Create the systemd config /etc/systemd/system/d1-examples.service
:
[Unit]
Description=Gunicorn instance serving examples.dataone.org
After=network.target
[Service]
User=www-data
Group=www-data
Restart=on-failure
WorkingDirectory=/var/local/examples.dataone.org
Environment="PATH=/var/local/examples.dataone.org/venv/bin"

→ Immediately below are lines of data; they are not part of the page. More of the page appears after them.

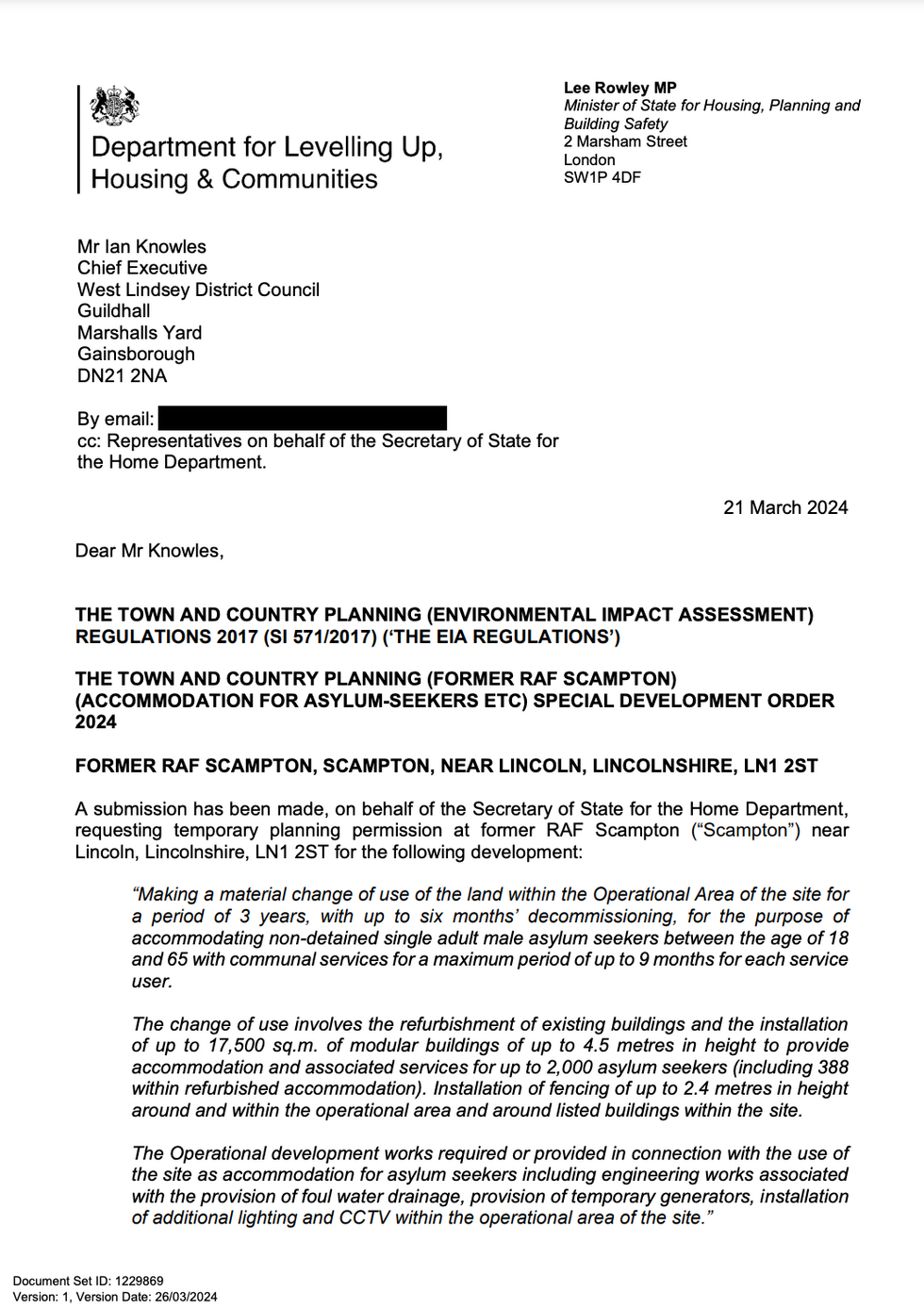 Letter addressed to Ian Knowles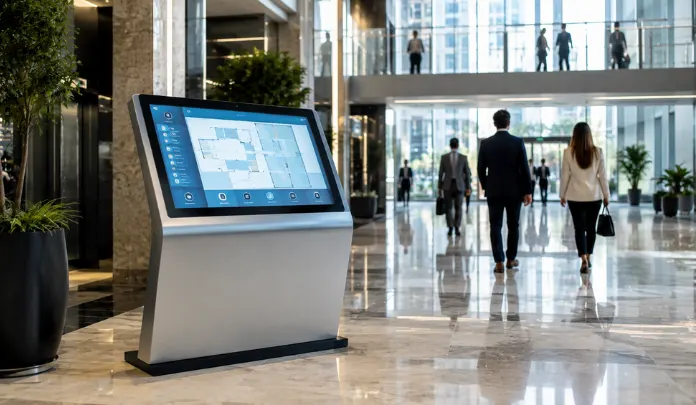 Modern corporate lobby featuring an interactive directory display supplied by a touchscreen kiosk supplier.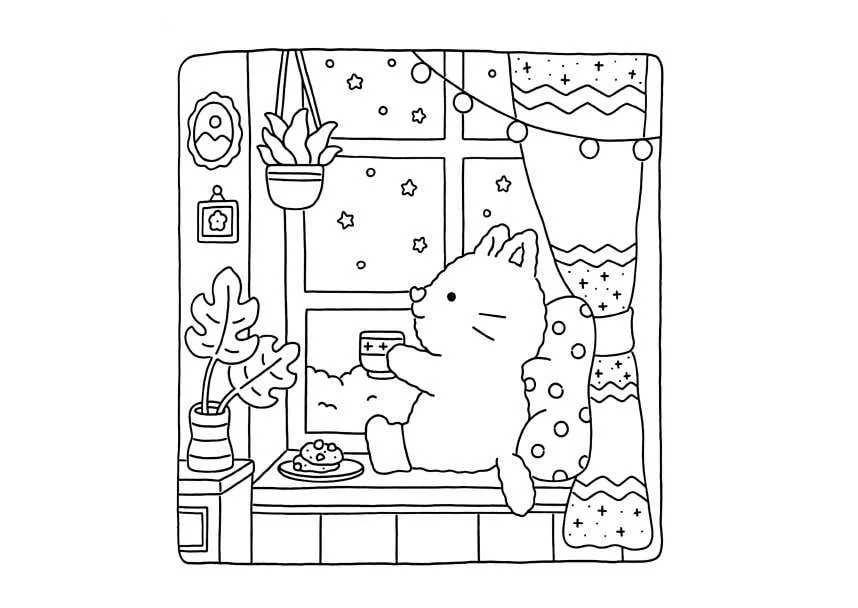 Kleurplaat Fuzzy Hygge 46 Kleurplaat Fuzzy Hygge gratis39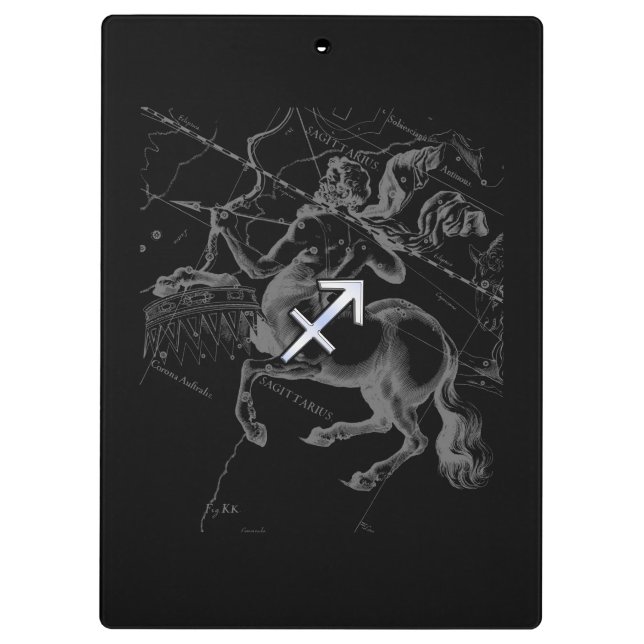 Chrome Like Sagittarius Zodiac Sign Hevelius Decor Clipboard (Back)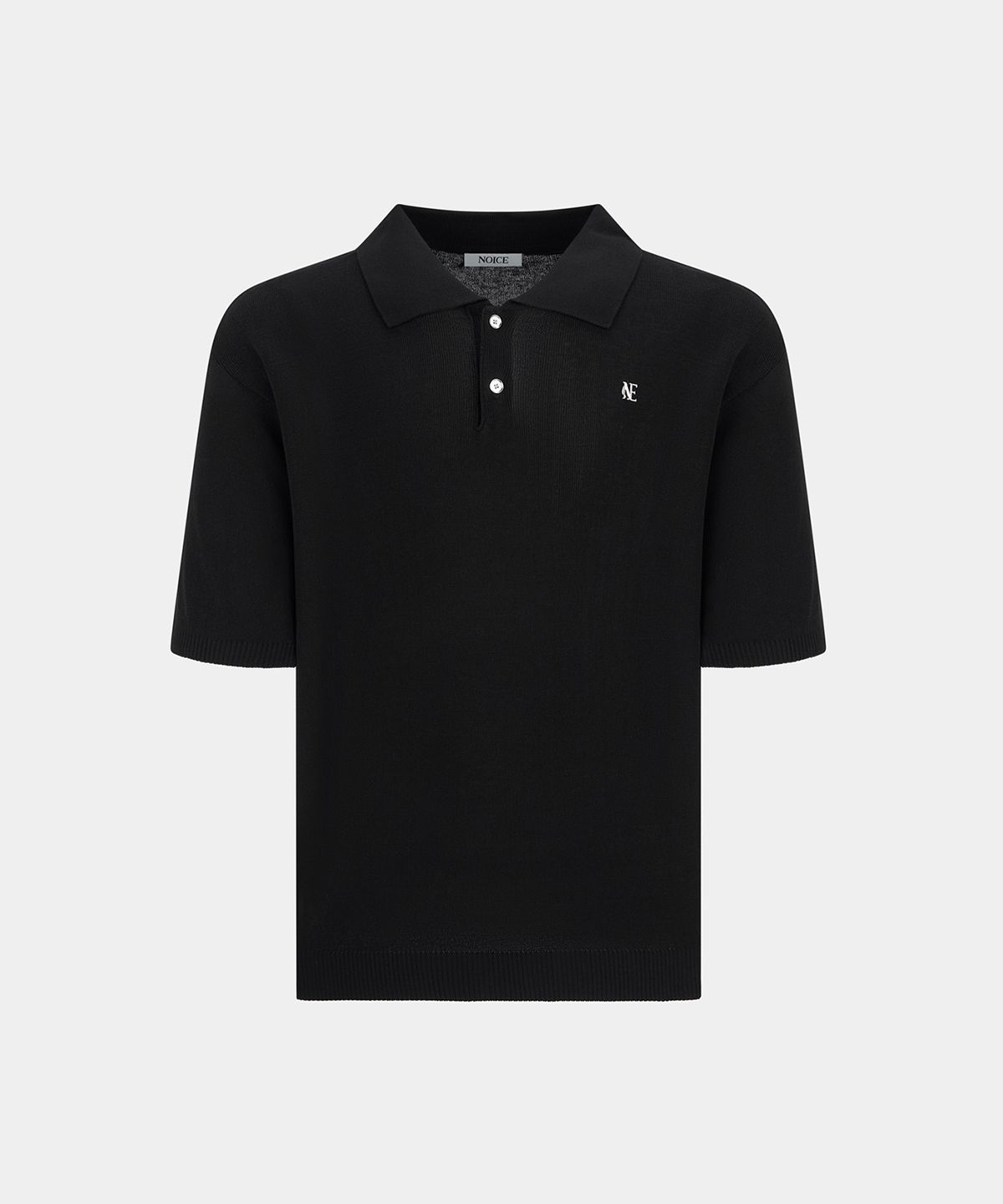 노이스(NOICE) LOGO KNIT POLO SHIRT - BLACK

ExecStart=/var/local/examples.dataone.org/venv/bin/gunicorn -c /var/local/examples.dataone.org/source/conf/gunicorn.conf d1_examples:app
[Install]
WantedBy=multi-user.target
Activate d1-examples.service:
sudo systemctl daemon-reload
Start the service:
sudo systemctl start d1-examples
Stop the service:
sudo systemctl stop d1-examples
Enable the service at boot:
sudo systemctl enable d1-examples
<VirtualHost *:443>
ServerAdmin administrator@dataone.org
ServerName examples.dataone.org
DocumentRoot /var/local/examples.dataone.org/www
AllowEncodedSlashes On
AllowEncodedSlashes NoDecode
Header always set Access-Control-Allow-Origin *
Header always set Access-Control-Allow-Methods "POST, GET, OPTIONS, DELETE, PUT"
Header always set Access-Control-Allow-Headers "x-requested-with, Content-Type, origin, authorization, accept, client-security-token"
<Directory />
Options Indexes FollowSymLinks
AllowOverride All
Require all granted
Allow from all
</Directory>
SSLEngine on
SSLCertificateKeyFile /etc/letsencrypt/live/examples.dataone.org/privkey.pem
SSLCertificateFile /etc/letsencrypt/live/examples.dataone.org/fullchain.pem
SSLProxyEngine On
ProxyRequests Off
ProxyPass / http://127.0.0.1:8010/
ProxyPassReverse / http://127.0.0.1:8010/
# This is an instance of RRDA listening on port 8081 for DNS resolution
<Location /rrda/>
ProxyPass http://localhost:8081/
ProxyPassReverse http://localhost:8081/
Order allow,deny
Allow from all
</Location>
LogLevel info ssl:warn
ErrorLog ${APACHE_LOG_DIR}/examples-error.log
CustomLog ${APACHE_LOG_DIR}/examples-access.log combined
<FilesMatch "\.(cgi|shtml|phtml|php)$">
SSLOptions +StdEnvVars
</FilesMatch>
<Directory /usr/lib/cgi-bin>
SSLOptions +StdEnvVars
</Directory>
BrowserMatch "MSIE [2-6]" \
nokeepalive ssl-unclean-shutdown \
downgrade-1.0 force-response-1.0
# MSIE 7 and newer should be able to use keepalive
BrowserMatch "MSIE [17-9]" ssl-unclean-shutdown
</Virtualhost>
Configure logrotate to rotate the logfiles:
Create an entry /etc/logrotate.d/d1-examples
/var/log/d1-examples/*.log {
monthly
dateext
dateformat -%Y-%m
dateyesterday
rotate 1000
}
Which rotates monthly, has -YEAR-MONTH added to the rotated file names, and keeps 1000 log files around.